Best Arizona Road Trips Part 2

LifeStyle on December 4, 2018

Our article on Arizona Road Trips was a big hit, so we have gone ahead and done a Part 2 on Arizona Road Trips. After all, our landscape is diverse and there is a lot more to see in this state than first meets the eye! Here are a few more interesting destinations to consider.

Arcosanti

Arcosanti is a sci-fi mini city believed to have been the inspiration behind the iconic Star Wars movies. Indeed, when you visit Arcosanti, it’s like you’ve entered a Star Wars movie set.

Arcosanti is about 70 miles to the north of Phoenix. You will find many strange looking dome-shaped and bubble-shaped buildings here, which you will not find anywhere else in the world.

George Lucas, the creator of Star Wars, is said to have modeled his protagonist Luke Skywalker’s dusty home planet on Arcosanti. The architecture of Arcosanti is inspired by 1970s Modernism and sci-fi futurism. There is also a strong Middle Eastern and Italian influence here.

The entire city was built by 7,000 volunteers and is still being built. Only about 80 people actually stay here, so at times it appears like an isolated, sparsely populated entirely different world.

Four Peaks

If you’ve been to Scottsdale, you can’t help noticing a tall, majestic mountain peak, four in a row, in the distance. It’s called Four Peaks, and is about 40 miles east-northeast of Phoenix. You can get there easily by car.
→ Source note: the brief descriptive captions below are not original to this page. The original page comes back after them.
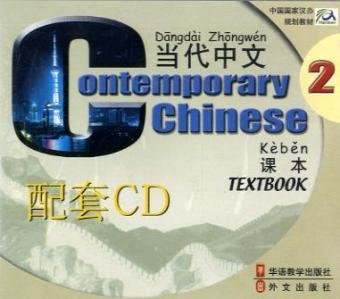 Contemporary Chinese Textbook - Sinolingua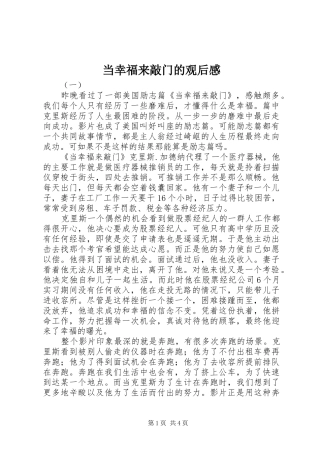 当幸福来敲门的观后感 
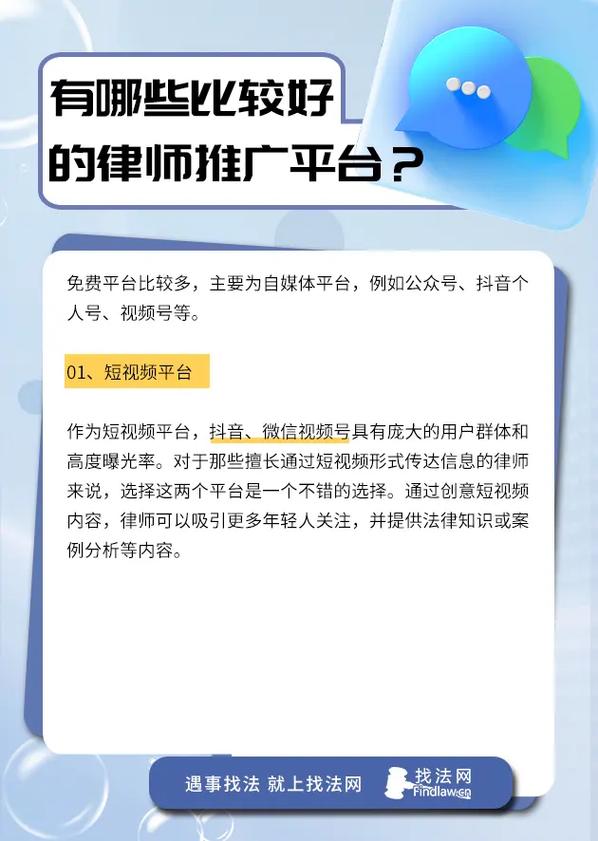 律师网站后期如何营销推广，有哪些高招？
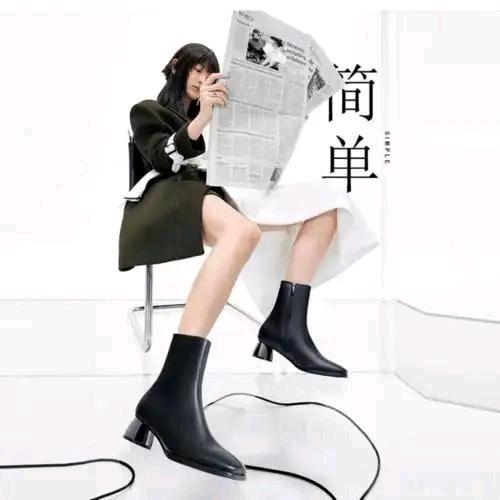 佬男孩供应链888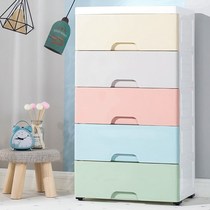 Multi-layer plastic drawer storage cabinet Childrens locker baby wardrobe household five-bucket toy box finishing cabinet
Just take the Beeline Highway or the State Route 87.

The mountains belong to the Four Peaks Wilderness Area, which spreads over an area of 60,740 acres. We would recommend an SUV or an all-wheel drive vehicle for the 28-mile long graded dirt road that takes you up and over the top. Be careful, watch out for the curves on the road and drive slowly. The view from the top is spectacular and well worth the journey.

Tombstone

Tombstone is another of those towns of the Old West that simply refuse to die. There was a time when this town was at the epicenter of the mining boom, but today there’s no mining activity of any sort around here.

Today, Tombstone is a major tourist spot, and receives more than 500,000 visitors every year. There’s much to do and see here. There are actors dressed as cowboys and having mock gun fights on the streets, much like Clint Eastwood and company in The Good, the Bad and the Ugly.
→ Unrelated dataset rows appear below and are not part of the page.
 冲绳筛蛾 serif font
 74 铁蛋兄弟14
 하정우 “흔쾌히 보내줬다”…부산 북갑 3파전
You can walk into the historic buildings that survived the great fire of 1881. Also, visit the mini-museum, you will find many interesting artifacts there from the 19th century.

Crown King

Crown King is a living ghost town in the Bradshaw Mountains of Arizona. It was once a famous gold mining town, it’s just that there’s no gold to be found here anymore.
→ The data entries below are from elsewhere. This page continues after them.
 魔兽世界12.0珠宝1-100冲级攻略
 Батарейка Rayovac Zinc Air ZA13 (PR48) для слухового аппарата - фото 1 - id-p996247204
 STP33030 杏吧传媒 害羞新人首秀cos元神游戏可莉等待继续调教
Today, Crown King is a popular tourist attraction, with spectacular views and fun-filled events such as the Annual Fall Corn Hole Showdown, Crown King One-Hole Golf Tournament and the World’s Shortest Memorial Day Parade.

When in Crown King, visit the famous Crown King General Store, which has been around since 1904 and still in operation. Also worth a visit is the Oro Belle Saloon, which has been around for more than a hundred years.

Crown King is about 65 miles to the north of Phoenix – however, be warned, the dirt road off the 17 to get there is long and bumpy! An all-wheel drive vehicle is definitely recommended for this one as well.

Grand Canyon

The Grand Canyon is one of the most popular tourist attractions in Arizona, and really needs no introduction. It’s pretty far in the northwest of the state, at a 4–hour drive from Phoenix.  Around 5.5 million people visit the Grand Canyon every year. Most visitors approach the Grand Canyon from the “South Rim”, which is open throughout the year.

About 10 percent of visitors see the canyon from the North Rim of the Grand Canyon Park. This is about 10 miles across the South Rim, but to get there, you will have to travel 220 miles by car.

The trip from the South Rim to the North Rim of the canyon is well worth it if you have the time to spare. Just remember the North Rim has a short season and is open from May 15th to October 15th of every year.